VIDÉO. "Merci Jeannine", des plats à 13 € et zéro déchet : comment cette start-up toulousaine réinvente la pause déjeuner à vélo

l’essentiel
Paul et Maëlle lancent “Merci Jeannine”. Ce service de livraison à taille humaine a vocation à proposer les plats des restaurants que l’on ne retrouve pas sur les grosses plateformes.

Vous les avez peut-être vus passer dans les rues de Toulouse. Avec leur vélo électrique, “Merci Jeannine” sillonne la ville pour proposer une nouvelle alternative à la livraison classique. Tout commence sur les bancs d’une école d’ingénieurs à Toulouse, où Paul, 25 ans, et Maëlle, 24 ans, imaginent ce qui va devenir leur future start-up.

C’est seulement en novembre dernier qu’ils testent la réactivité des Toulousains par rapport à leur idée : une alternative de livraison pour les restaurants qui n’ont pas leur place sur les plateformes classiques. Bingo, l’accueil est positif. L’entreprise Merci Jeannine, qui tient son nom de la grand-mère de Paul, voit le jour en 2026.

Une tournée quotidienne

Leur trajet débute chaque matin dans un restaurant différent : Papille, Native Canteen, Pom Mamie… Pour Quentin, du restaurant Papille, c’est un bon moyen de mieux nourrir les actifs dans les bureaux : “Je préfère cette alternative locale et plus humaine.” Pour le restaurateur, c’est une nouveauté ; avant, il ne proposait pas de livraison.

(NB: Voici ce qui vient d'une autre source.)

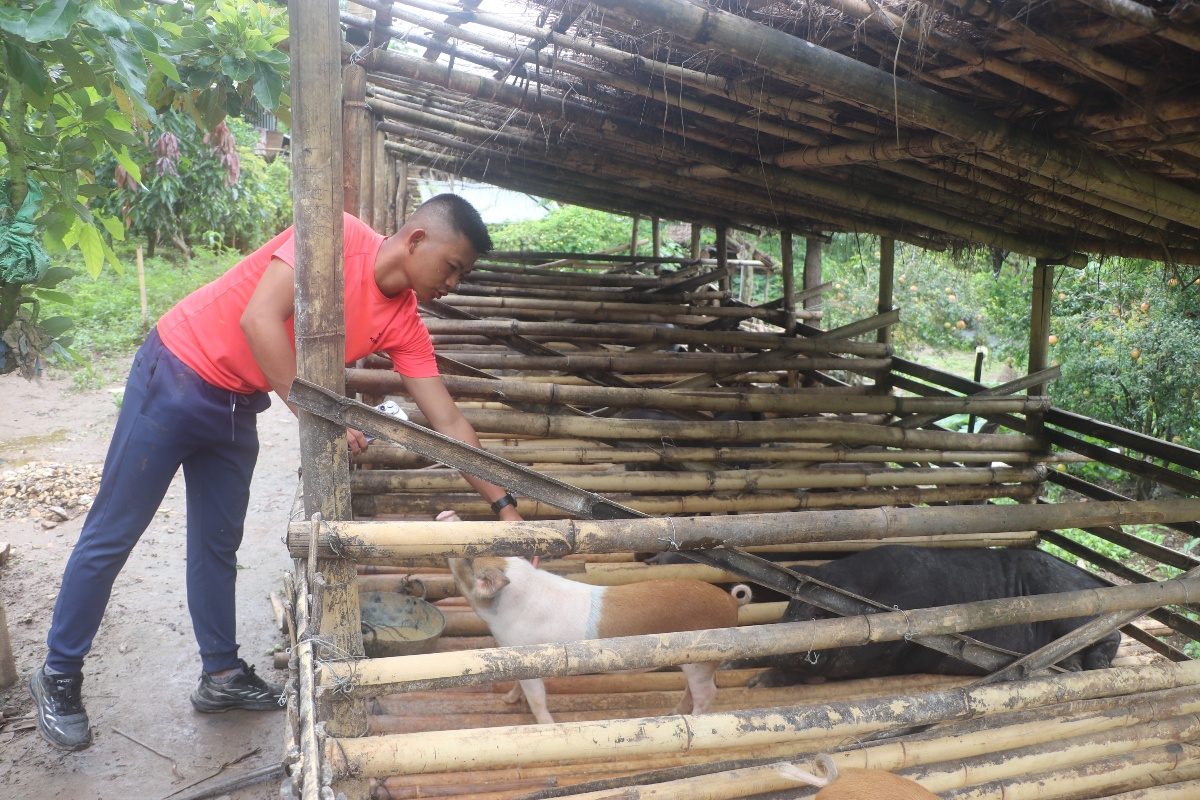 बंगुरपालनमा भविष्य खोज्दै भोजपुरका सुगम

Au guidon de leur vélo floqué “Jeannine”, ils réalisent chaque jour une seule tournée, ce qui rend leurs plats plus abordables. Paul explique : “Nous faisons un peu comme le laitier à l’époque : un restaurant, un plat et une tournée.” Ce gain de temps leur permet de proposer des plats à 14 euros, voire 13 euros en précommande. “De cette manière, nous n’avons jamais de surstocks.”

Un service sur-mesure

Entre clients récurrents et nouveaux curieux, Maëlle, cofondatrice, apprécie particulièrement la proximité avec ses clients : “On peut connaître leurs habitudes alimentaires ou faire une sélection de plats selon les attentes.” À la pharmacie du Jardin Royal, Adrien, pharmacien, aime surtout la variété proposée par la startup. À l’arrivée de Maëlle sur son vélo, il est déjà derrière la porte coulissante, sac et bocal vide à la main.

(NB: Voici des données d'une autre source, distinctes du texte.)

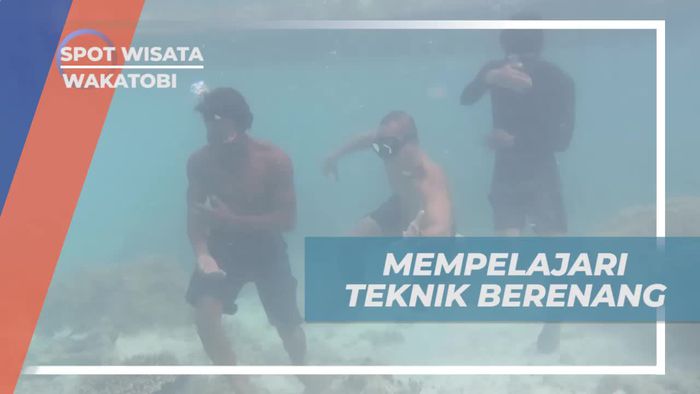 Berenang, Teknik Dasar Untuk Belajar Spearfishing di Wakatobi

Quelques coups de pédale plus loin, sur les allées Jules-Guesde, un autre client les suit depuis leur lancement. Romain, kinésithérapeute, apprécie surtout le zéro déchet : “Avant, nous utilisions Deliveroo. Pour le côté éthique et politique, nous sommes passés à Merci Jeannine.”

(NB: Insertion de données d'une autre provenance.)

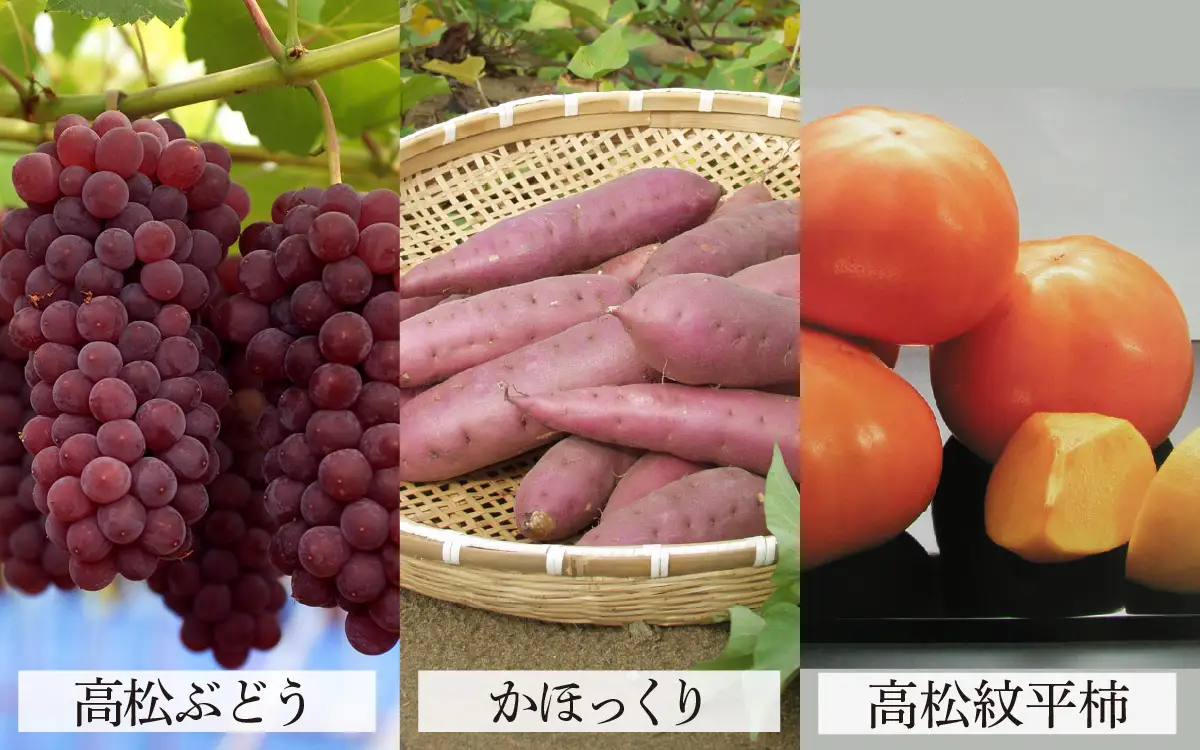 かほく市 農産物ブランド 6品目セット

Au menu : des plats en sauce, mijotés, comme ce midi avec du canard soja et miso accompagné de noodles sautées. Les fondateurs de l’entreprise concoctent eux-mêmes leur sélection : “On veut des restaurateurs qui proposent des produits locaux pour une cuisine de saison.” En parallèle, le duo utilise le reste de son temps pour développer les outils nécessaires au fonctionnement de leur business. Leur passé d’ingénieurs les a notamment aidés à imaginer un site de commande et des réseaux sociaux pour étendre leur visibilité.